General bir trajedinin kahramanı gibi ağıt yaktı, sonra kılıcının kabzasını tuttu. Kılıcın kınından çıkış sesiyle, görünüşte lüks bir kılıç ortaya çıktı.
“...En azından seni temiz ve acısız bir kesişle uğurlayacağım.”
“Teşekkür ederim.”
Gerçekten minnettardım.
Ölmek umurumda değildi ama acıdan hoşlanmıyordum.
“Lütfen bana adınızı söyleyin.”
“Kim Gong-Ja.”
“Kim Gong-Ja... İmparatorluk adına size teşekkür ederim. Sen gerçek bir kahramansın!”
Havayı kesen kılıcın sesi duyuldu.
General söz verdiği gibi, kafasını tekte aldı. Aura aşılanmış kılıç boynumu temiz bir şekilde kesti.
[Öldün.]
[NPC Sarbast Aegim'den rastgele bir beceri kopyalanabilir.]

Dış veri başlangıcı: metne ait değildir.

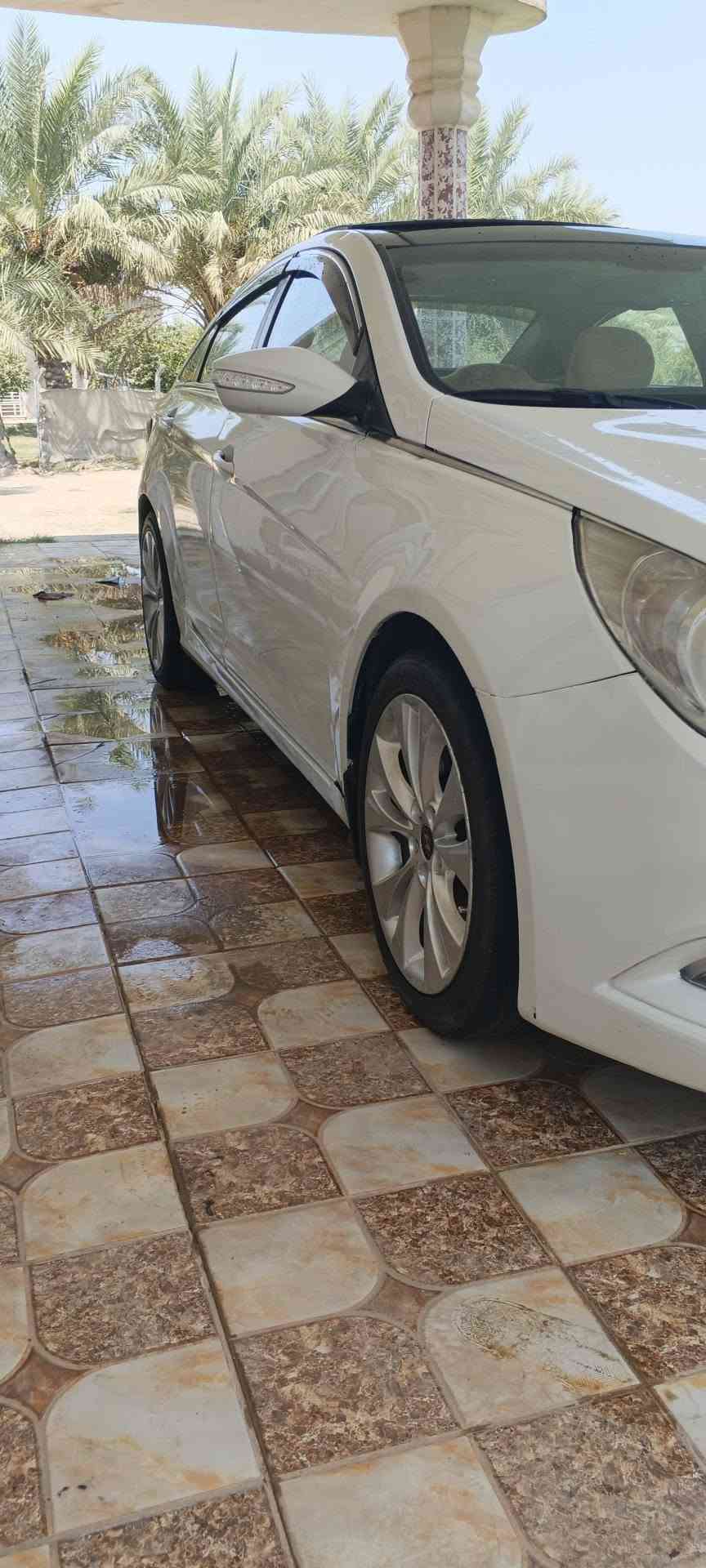 السلام عليكم
للبيع 
سوناتا موديل 11 خليجي رقم اربيل 
بيه جاملغ خلفي صبغ بدون معجون وجاملغ امامي وربع لبنيد وسونار موجود 
مكينه وكير حداديه تخم تاير تبريد جاهزه 
فول مواصفات بدون بصمه 
 سعره 110 وبيه مجال مكاني ديوانيه دغاره صدر الدغاره ***********
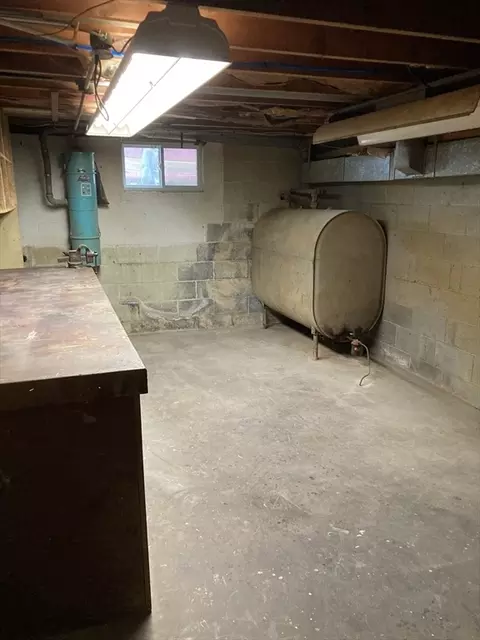 69 Ludlow Rd, Chicopee, MA 01020 photo 25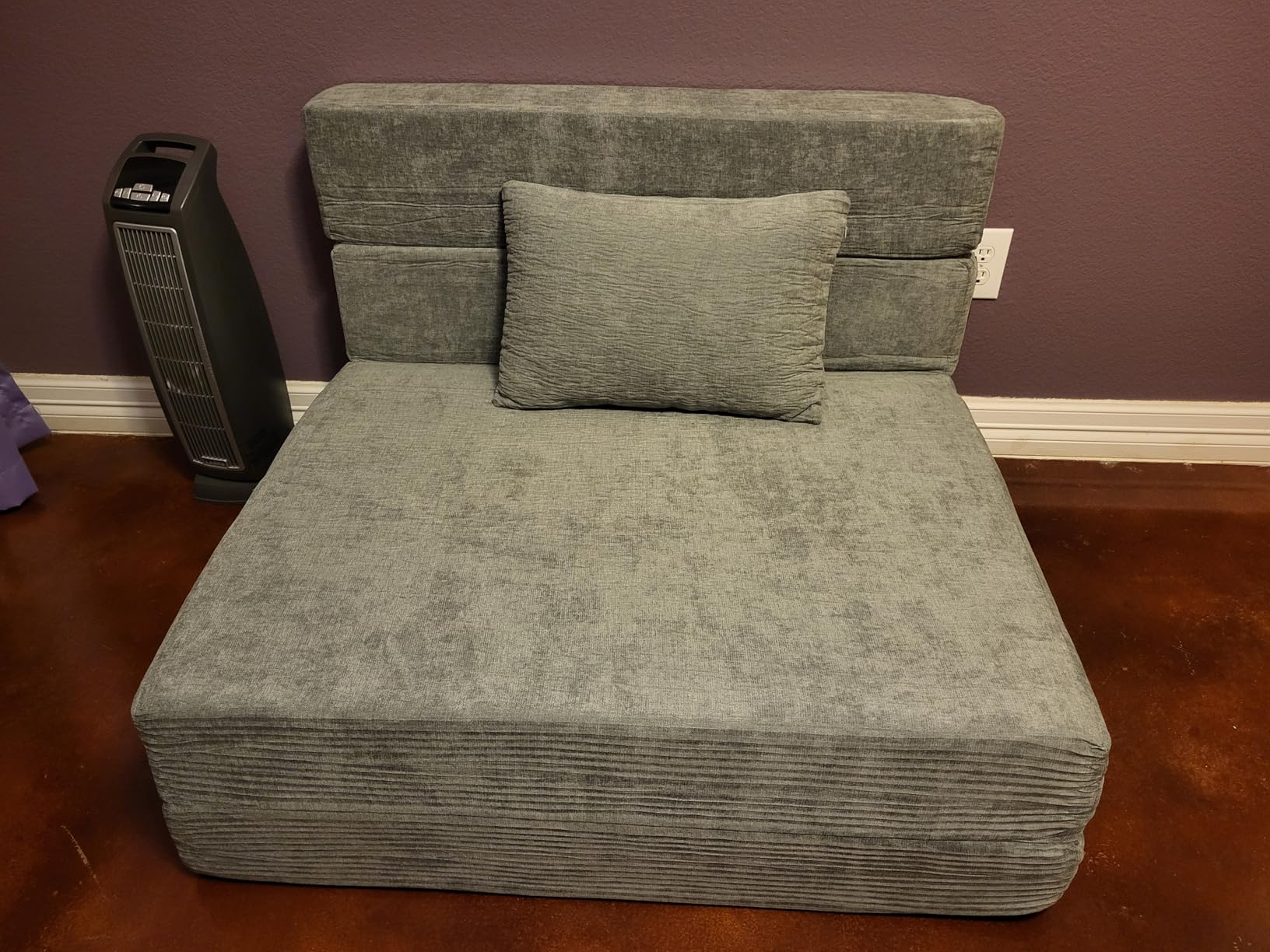 HOMFINE Folding Sofa Bed - Convertible Sleeper Chair with Pillow, Fold Out Couch, Memory Foam Floor Mattress, Futon Couch, Lazy Sofa for Living Room/Dorm/Guest Room/Home Office, Grey, Queen Size customer photo 1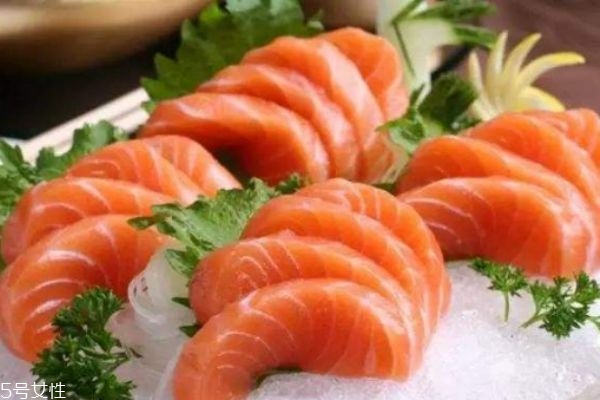 三文魚(yú)有營(yíng)養(yǎng)價(jià)值呢 吃三文魚(yú)有什么好處呢 三文魚(yú)有營(yíng)養(yǎng)價(jià)值呢 吃三文魚(yú)有什么好處呢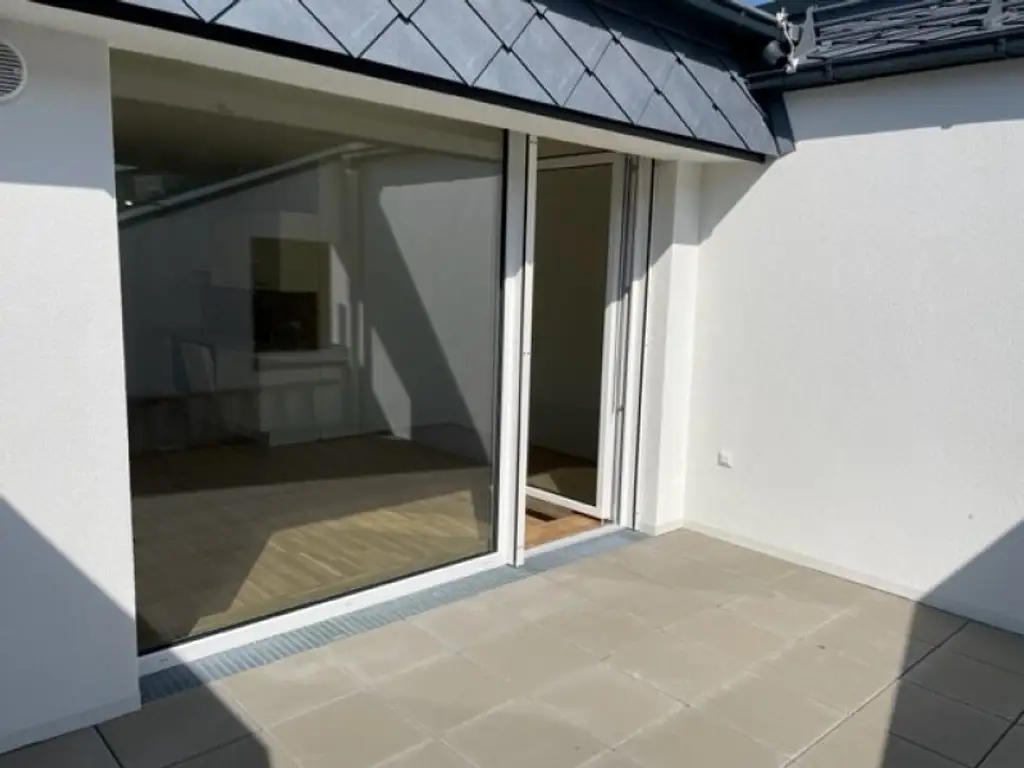 2-Zimmer-Dachterrassenwohnung Erstbezug inkl hochwertiger Küche, Außenfläche und Kellerabteil mit Blick ins Grüne - KLOSTERNEUBURG/ K126 T53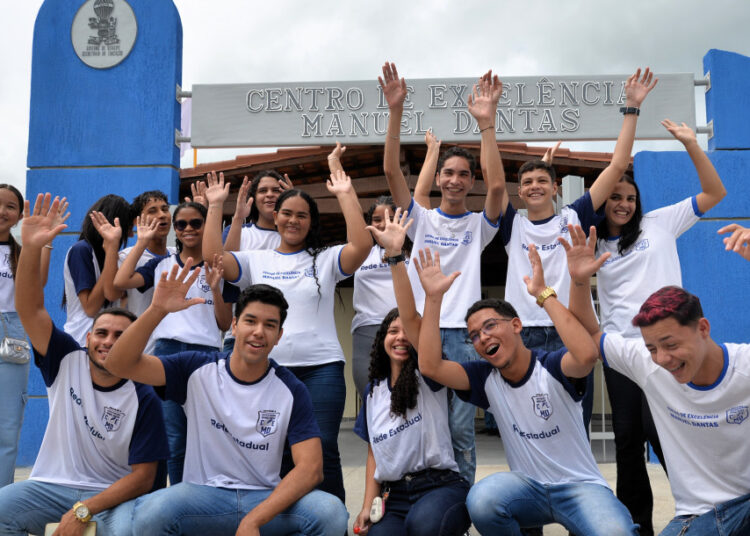 Governo de Sergipe investe mais de R$ 99 milhões em obras entregues da Educação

Beklendiği gibi, bir NPC'den beceri kopyalamak mümkündü.
Kafam kopup bilincim hızla kaybolurken Kılıç İmparatoru'nun çığlığını duydum.
-Ölmeyi bırak, lanet olası! Bu şekilde beceri çalmak hoşuna mı gidiyor!
Zihinsel olarak cevap verdim.
‘Evet hoşuma gidiyor!’
Heyecan verici gün, bir daha tekrarlandı.